Tiada memberatkannya diluar kesanggupannya. Tiada memandang kepadanya dengan
mata kesombongan dan penghinaan. Memaafkan ketelanjurannya. Berfikir ketika
memarahinya, disebabkan kesalahannya atau perbuatannya mendurhakai dan
perbuatannya melanggar hak Allah Ta’ala dan keteledorannya pada mentaatinya.
Sedang kekuasaan Allah diatas budak itu, adalah diatas kekuasaan dia.

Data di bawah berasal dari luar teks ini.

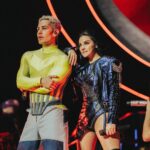 Christian Chávez Instagram - Same position different outfit Con mi amada @maiteperroni ❤️ 📸 @frescolns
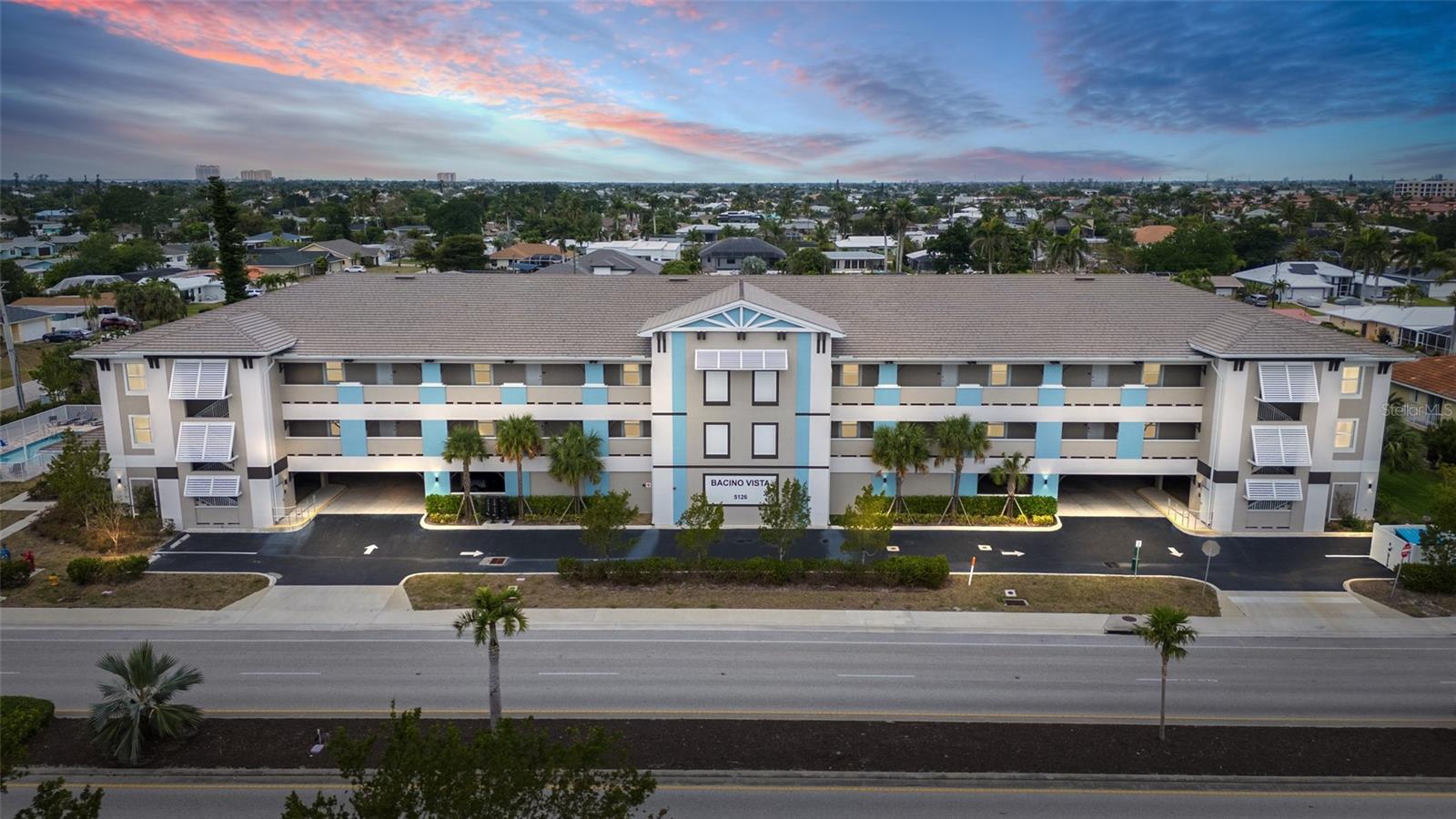 Image 28 of 38 For 5126 Coronado Parkway 2f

Fadl-Dlalah bin ‘Ubaid meriwayatkan, bahwa Nabi saw bersabda: “3 orang tidak
ditanyakan tentang mereka: laki-laki yang bercerai dari jama’ah orang banyak,
laki-laki yang mendurhakai imamnya (pemimpinnya), lalu meninggal dalam berbuat
ma’siat. Maka kedua orang itu tadi tidak ditanyakan halnya. Dan wanita yang
suaminya tiada bersama dengan dia dan telah dicukupkannya untuk wanita itu perbelanjaan
dunia. Lalu wanita itu berhias diluar batas di belakangnya. Maka tidak
ditanyakan dari halnya. Dan 3 orang tiada ditanyakan halnya, yaitu: laki-laki
yang bertengkar dengan Allah tentang selendangNya. Dan selendang Allah itu,
ialah keagungan (al-kibria’). SarungNya ialah, kemuliaan. Laki-laki yang dalam
keraguan tentang Allah. Dan laki-laki yang putus asa daripada rahmat Allah”.
Telah tammat Kitab adab berteman dan bergaul dengan segala jenis makhluq”.